Achieving an economy-wide net-zero emissions goal by mid-century in the United States entails transforming not only the physical energy system, but also the energy workforce. In this study, we develop and demonstrate a labor model, tailored to the context of energy system transitions, and coupled with geospatially-resolved, supply-side energy system activity projections. We find that a net-zero transition supports an annual average of approximately 3 million direct jobs or $200B in wages during the first decade, and approximately 4-8 million direct jobs or $200B-$500B during the 2040s. The modeled supply-side energy workforce represents of 1.5% of the total U.S. labor force in 2020, increasing to 2.5-5% by mid-century. Boom-and-bust cycles arise, with employment and wage losses in declining fossil fuel sectors offset (in aggregate) by increases in low carbon resource sectors. We further estimate training, education, and experience requirements, finding that the diversity of workforce development needs will be similar to historical transitions, but at a much larger scale over a sustained time period.
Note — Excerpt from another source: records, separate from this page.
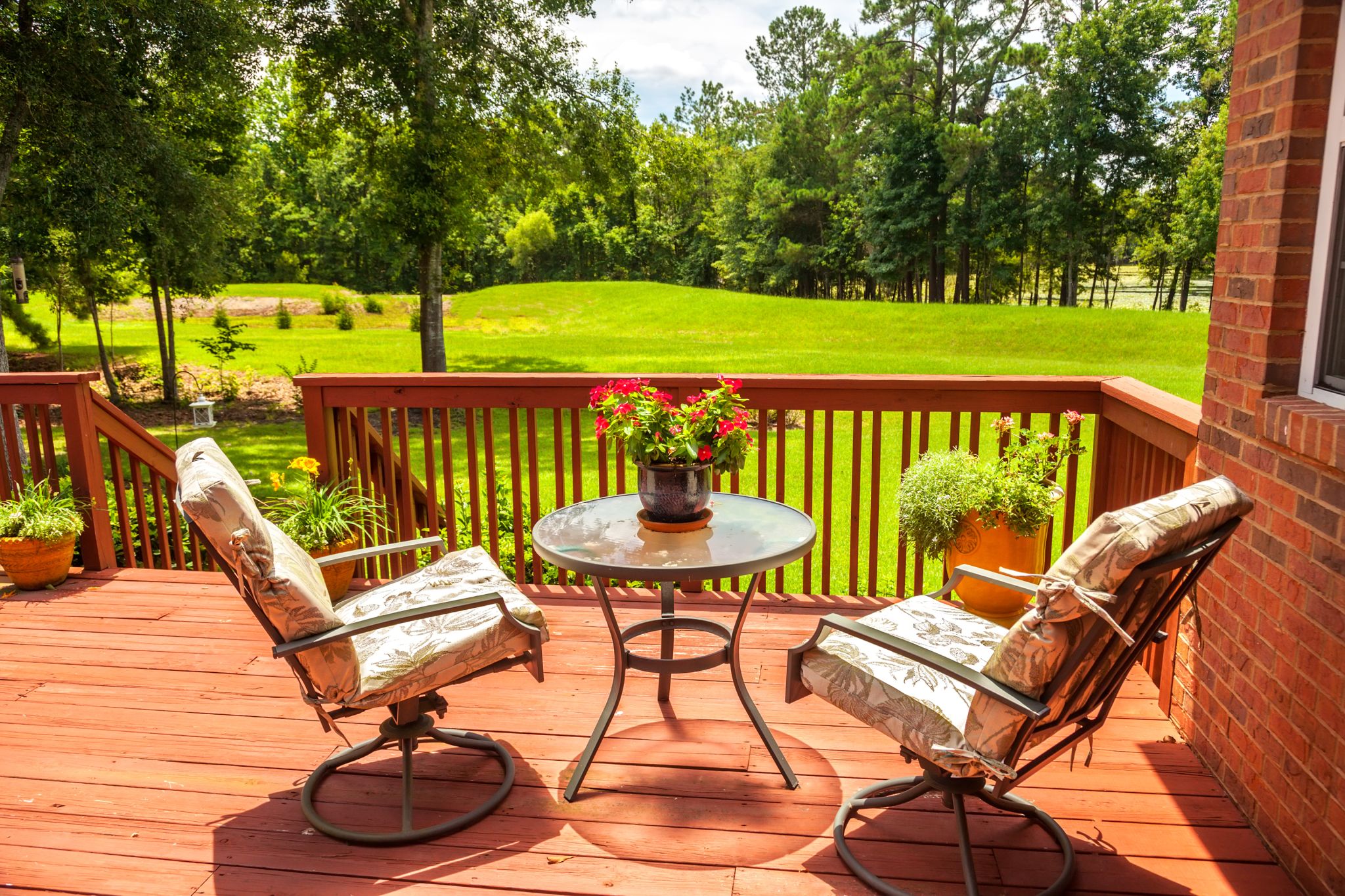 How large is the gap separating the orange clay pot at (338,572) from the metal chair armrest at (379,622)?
1.88 meters

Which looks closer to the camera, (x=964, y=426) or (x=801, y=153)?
(x=964, y=426)

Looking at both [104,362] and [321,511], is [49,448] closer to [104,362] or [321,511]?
[321,511]

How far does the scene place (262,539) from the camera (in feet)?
6.75

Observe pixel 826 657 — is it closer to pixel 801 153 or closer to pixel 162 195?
pixel 162 195

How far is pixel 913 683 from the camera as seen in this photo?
208 centimetres

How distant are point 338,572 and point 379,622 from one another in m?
2.02

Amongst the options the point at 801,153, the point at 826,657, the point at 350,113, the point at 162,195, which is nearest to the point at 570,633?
the point at 826,657

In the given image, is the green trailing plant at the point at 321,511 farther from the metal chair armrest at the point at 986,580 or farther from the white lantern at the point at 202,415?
the white lantern at the point at 202,415

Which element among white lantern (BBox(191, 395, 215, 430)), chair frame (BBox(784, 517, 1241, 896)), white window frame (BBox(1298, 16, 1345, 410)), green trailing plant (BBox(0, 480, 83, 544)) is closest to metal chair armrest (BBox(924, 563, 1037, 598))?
chair frame (BBox(784, 517, 1241, 896))

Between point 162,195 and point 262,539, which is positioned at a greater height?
point 162,195

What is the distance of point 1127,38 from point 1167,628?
2809 cm

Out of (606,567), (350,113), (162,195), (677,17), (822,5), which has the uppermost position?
(822,5)

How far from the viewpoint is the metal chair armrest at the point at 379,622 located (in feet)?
6.67

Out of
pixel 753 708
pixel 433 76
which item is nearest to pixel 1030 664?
pixel 753 708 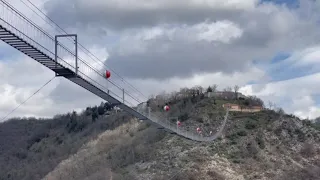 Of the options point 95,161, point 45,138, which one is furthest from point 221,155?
point 45,138

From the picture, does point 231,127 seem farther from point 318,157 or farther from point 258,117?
point 318,157

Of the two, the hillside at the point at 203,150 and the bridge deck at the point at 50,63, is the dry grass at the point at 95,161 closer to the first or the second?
the hillside at the point at 203,150

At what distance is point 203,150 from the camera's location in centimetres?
7138

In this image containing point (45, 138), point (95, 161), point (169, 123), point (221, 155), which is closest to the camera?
point (169, 123)

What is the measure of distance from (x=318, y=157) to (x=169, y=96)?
35.7 m

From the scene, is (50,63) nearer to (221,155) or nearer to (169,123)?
(169,123)

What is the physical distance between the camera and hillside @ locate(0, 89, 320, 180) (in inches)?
2692

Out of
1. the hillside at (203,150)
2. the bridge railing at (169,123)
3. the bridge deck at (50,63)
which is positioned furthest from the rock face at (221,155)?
the bridge deck at (50,63)

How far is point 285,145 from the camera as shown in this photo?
79.8m

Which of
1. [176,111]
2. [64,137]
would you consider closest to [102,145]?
[176,111]

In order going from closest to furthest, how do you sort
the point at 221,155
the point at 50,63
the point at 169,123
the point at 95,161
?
1. the point at 50,63
2. the point at 169,123
3. the point at 221,155
4. the point at 95,161

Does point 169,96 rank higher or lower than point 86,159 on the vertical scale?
higher

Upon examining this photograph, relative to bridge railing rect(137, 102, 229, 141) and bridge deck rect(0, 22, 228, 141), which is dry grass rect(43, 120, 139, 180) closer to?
bridge railing rect(137, 102, 229, 141)

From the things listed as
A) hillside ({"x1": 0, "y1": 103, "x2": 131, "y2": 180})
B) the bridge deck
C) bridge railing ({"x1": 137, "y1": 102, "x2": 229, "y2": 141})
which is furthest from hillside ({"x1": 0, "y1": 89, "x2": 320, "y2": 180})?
the bridge deck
Labor pathways are influenced by policy-mediated factors such as technology selection, pace of infrastructure expansion, infrastructure siting and investment decisions, oil and gas exports, workforce development, labor productivity, and extent of domestic manufacturing. We show that most states have the potential to experience long-term expansion in the supply-side energy workforce, but substantial state-level variation is possible in labor pathways depending on resource availability, siting decisions, and political bargaining.